揚げたてアツアツもうまかったけど、少し温度が落ち着くと、染み込んだタレの味が口に広がる!
これが一晩漬け込んだタレの力かよ……!
「本当にうまいな!」
「そうですね。先輩もなかなかやりますね」
「赤須がいてくれたからだろ」
「っ……」
急にそっぽ向いて、唐揚げを口に入れた。
こいつ、褒められるの苦手なタイプかな。
迷子の時もそうだったし。
「の、飲み物何にする? お茶とビールと日本酒があるけど」
「……ビール、お願いします」
「唐揚げにはビールだよな!」
とりあえず飲み物で空気を変えよう!
コップにビールを注ぐ。
「乾杯」
「……乾杯」
コップを合わせ、唐揚げのうまみが広がる口に、ビールを注ぎ込む。
「うまい! 唐揚げとビールの組み合わせ、最高だな!」
「ふふっ、そうですね」
よかった。気はまぎれたみたいだ。
「ふぅ、これならもうちょっとビールもらっていいですか?」
「もちろん! もう一本買ってあるから、足りなくなったら開けよう!」
「はい」
赤須についてもう一つ知れたこと。
酒飲むと機嫌がよくなることだ。
そのためにビールも日本酒も簡単なつまみも買ってある。
何とかうまく話ができるといいんだけど。
「先輩の日本酒を見る目は流石ですね!」
「そうか? 親戚に酒屋がいるから、あれこれ教わっただけだけどな」
「前のお刺身に合うお酒も美味しかったですけど、これは果物みたいな香りと甘さですごく好きです!」
「お前の方が通っぽいぞ」
「えへへ、そうですか?」
照れ笑いする赤須。今なら言えるか?
「お前のおかげで、俺も随分色々わかるようになったよ」
「そうですね。先輩の成長ぶりには、教えた私もびっくりですよ!」
今だ! ここでなら言える!
「だからさ、そろそろこの勉強、終わりにしないか?」
酔いが、一気に覚めた。
今、先輩、なんて言ったの?
『オワリニシナイカ』って何? どういう意味?
言葉は耳に入ったのに、わかりたくない。
わかりたくないのに、先輩の声だから頭から追い出せない。
何で? 何で何で何で何で?
嫌だった? 何が? 減点? 勉強? それとも私?
突然脳裏に蘇る先輩の涙。
何度も見た携帯の写真じゃなくて、私が流させた涙。
そうだ。彼女だと思っていた人にキープ扱いをされて、傷ついてた先輩を更に追い込んだのは私だ。

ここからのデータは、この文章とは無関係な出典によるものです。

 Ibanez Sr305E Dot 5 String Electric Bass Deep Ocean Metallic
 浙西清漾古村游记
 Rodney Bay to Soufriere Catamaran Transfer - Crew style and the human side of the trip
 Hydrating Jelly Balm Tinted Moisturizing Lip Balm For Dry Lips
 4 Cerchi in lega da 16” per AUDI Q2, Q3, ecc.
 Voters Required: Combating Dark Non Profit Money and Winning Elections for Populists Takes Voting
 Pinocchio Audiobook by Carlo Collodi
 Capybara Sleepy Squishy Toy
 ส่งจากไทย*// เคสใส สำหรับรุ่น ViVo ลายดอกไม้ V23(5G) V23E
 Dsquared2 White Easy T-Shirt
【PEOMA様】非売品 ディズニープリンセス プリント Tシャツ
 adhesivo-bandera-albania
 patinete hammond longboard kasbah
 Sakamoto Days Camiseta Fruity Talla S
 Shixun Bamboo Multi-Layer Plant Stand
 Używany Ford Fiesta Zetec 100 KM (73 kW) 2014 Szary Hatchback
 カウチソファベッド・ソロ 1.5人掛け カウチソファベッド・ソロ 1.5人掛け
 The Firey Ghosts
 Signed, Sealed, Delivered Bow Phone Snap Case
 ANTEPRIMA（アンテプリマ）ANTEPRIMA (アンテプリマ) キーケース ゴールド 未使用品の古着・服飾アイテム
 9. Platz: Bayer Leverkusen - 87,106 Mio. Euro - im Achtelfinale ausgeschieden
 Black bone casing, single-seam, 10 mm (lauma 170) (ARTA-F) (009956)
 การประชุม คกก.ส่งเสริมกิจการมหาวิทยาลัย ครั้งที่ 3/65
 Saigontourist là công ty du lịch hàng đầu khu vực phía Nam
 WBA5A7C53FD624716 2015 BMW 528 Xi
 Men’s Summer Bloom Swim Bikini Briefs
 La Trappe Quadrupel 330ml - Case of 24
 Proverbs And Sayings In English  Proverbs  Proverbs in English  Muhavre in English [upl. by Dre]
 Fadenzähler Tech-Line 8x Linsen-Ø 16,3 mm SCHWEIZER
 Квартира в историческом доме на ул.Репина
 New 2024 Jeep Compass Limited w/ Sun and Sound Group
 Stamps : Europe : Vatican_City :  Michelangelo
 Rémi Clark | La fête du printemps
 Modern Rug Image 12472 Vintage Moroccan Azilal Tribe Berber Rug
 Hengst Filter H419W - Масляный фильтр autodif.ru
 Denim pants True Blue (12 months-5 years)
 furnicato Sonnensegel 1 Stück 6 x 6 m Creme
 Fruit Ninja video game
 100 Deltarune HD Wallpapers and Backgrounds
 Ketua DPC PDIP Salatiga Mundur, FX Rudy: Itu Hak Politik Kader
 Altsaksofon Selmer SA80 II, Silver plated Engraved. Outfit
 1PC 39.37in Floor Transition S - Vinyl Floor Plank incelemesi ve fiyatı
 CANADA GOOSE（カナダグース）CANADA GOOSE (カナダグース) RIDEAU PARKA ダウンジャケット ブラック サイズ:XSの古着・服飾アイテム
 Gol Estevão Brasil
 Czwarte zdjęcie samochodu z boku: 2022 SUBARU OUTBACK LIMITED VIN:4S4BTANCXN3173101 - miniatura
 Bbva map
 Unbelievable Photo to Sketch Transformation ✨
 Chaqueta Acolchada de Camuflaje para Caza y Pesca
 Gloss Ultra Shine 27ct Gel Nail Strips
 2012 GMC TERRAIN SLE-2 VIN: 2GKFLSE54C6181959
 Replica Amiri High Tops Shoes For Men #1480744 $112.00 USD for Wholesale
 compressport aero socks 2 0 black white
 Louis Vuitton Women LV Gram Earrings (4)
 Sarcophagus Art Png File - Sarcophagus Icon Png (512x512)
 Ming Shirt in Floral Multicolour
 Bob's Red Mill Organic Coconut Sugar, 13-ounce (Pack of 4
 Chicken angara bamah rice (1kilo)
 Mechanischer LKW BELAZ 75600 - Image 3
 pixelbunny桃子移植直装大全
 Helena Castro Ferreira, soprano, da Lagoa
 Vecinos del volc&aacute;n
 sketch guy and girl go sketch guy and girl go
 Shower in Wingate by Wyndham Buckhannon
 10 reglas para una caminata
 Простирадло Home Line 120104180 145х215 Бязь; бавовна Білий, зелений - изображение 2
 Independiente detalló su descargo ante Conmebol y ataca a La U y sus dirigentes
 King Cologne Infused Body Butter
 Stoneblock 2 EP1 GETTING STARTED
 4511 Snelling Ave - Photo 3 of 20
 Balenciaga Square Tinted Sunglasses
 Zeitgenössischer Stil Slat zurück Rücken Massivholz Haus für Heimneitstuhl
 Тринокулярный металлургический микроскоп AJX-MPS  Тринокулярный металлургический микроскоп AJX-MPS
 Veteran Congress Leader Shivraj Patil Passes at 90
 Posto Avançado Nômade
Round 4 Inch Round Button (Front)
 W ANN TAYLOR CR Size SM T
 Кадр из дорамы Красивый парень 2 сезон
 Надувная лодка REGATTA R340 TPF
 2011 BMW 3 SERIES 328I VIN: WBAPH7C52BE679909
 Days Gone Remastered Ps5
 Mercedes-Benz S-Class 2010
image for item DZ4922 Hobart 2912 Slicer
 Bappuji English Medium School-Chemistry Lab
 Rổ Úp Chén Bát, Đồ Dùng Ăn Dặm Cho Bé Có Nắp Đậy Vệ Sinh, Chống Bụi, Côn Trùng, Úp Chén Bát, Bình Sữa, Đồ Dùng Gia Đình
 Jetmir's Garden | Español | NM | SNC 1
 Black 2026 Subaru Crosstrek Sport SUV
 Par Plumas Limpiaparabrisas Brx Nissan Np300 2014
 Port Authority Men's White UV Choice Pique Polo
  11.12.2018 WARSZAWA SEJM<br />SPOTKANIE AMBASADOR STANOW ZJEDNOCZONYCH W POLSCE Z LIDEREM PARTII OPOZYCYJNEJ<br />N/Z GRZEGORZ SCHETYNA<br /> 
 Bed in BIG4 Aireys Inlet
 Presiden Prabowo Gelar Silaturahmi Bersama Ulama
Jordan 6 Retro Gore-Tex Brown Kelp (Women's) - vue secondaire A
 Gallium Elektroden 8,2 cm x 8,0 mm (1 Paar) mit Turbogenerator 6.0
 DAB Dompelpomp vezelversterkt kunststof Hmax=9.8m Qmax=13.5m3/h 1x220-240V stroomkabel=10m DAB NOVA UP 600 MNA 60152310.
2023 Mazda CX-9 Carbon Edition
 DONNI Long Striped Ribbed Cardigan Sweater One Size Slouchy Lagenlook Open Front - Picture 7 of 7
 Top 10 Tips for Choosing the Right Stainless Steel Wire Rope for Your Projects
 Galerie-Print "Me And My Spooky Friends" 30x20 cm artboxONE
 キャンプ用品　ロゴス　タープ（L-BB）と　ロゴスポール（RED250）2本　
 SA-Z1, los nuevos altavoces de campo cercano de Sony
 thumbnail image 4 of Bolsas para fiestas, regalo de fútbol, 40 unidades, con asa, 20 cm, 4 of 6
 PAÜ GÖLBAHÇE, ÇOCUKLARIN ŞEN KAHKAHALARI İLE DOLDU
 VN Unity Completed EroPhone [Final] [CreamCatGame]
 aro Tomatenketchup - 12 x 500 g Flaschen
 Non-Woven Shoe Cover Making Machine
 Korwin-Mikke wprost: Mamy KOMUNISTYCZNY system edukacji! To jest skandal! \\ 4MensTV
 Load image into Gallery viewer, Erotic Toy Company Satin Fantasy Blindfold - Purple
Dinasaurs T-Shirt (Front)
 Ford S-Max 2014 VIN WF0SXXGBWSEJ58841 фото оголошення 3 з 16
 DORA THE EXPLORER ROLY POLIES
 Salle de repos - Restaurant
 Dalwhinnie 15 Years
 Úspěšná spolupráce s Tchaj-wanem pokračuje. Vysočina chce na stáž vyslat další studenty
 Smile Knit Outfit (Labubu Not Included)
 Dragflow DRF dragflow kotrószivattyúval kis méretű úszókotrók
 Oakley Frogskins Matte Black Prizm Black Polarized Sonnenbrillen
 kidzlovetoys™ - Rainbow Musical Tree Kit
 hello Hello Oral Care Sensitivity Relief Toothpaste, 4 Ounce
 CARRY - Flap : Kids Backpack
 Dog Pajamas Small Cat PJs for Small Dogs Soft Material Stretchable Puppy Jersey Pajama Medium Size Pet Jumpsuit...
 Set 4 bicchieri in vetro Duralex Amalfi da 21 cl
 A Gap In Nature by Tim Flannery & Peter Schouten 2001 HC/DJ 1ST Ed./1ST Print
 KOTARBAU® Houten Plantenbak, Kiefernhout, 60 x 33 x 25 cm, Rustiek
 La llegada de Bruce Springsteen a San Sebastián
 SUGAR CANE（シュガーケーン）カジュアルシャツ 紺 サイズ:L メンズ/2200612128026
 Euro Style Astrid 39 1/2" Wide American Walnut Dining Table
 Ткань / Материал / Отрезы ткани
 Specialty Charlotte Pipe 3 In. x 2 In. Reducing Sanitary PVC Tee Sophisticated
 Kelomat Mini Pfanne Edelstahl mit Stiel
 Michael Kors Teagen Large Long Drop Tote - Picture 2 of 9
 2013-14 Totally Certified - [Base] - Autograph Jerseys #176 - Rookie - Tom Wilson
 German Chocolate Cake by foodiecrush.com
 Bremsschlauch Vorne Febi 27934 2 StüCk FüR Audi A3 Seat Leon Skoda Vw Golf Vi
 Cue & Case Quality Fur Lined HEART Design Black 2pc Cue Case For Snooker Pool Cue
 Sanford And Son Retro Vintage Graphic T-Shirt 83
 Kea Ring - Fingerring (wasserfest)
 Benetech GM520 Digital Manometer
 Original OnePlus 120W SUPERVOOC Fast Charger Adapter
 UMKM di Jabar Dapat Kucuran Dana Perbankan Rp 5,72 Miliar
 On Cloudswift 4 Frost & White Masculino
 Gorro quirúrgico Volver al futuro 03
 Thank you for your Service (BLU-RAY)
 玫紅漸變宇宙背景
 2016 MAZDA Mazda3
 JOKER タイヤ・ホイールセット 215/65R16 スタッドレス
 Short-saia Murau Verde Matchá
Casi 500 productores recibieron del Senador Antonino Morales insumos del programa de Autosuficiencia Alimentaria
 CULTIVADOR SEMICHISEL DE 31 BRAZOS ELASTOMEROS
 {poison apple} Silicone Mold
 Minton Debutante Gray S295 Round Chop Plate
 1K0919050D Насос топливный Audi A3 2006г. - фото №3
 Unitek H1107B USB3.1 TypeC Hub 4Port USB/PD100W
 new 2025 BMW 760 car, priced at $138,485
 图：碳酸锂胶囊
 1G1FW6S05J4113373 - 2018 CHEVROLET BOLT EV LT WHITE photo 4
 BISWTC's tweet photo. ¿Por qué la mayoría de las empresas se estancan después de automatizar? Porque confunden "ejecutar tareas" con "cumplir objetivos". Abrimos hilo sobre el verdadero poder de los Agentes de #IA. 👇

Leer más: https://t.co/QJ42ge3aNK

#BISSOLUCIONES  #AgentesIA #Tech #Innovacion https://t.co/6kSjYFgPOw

それでも優しい先輩は無理して付き合ってくれていたんだ。
何を浮かれていたんだろう。
許されるはずがないのに。
女扱いされてないのに。
好きになってもらえる資格なんかないのに。
「お、おい、赤須……」
先輩の驚いた声で我に返った私は、そこで初めて自分が泣いていることに気がついた。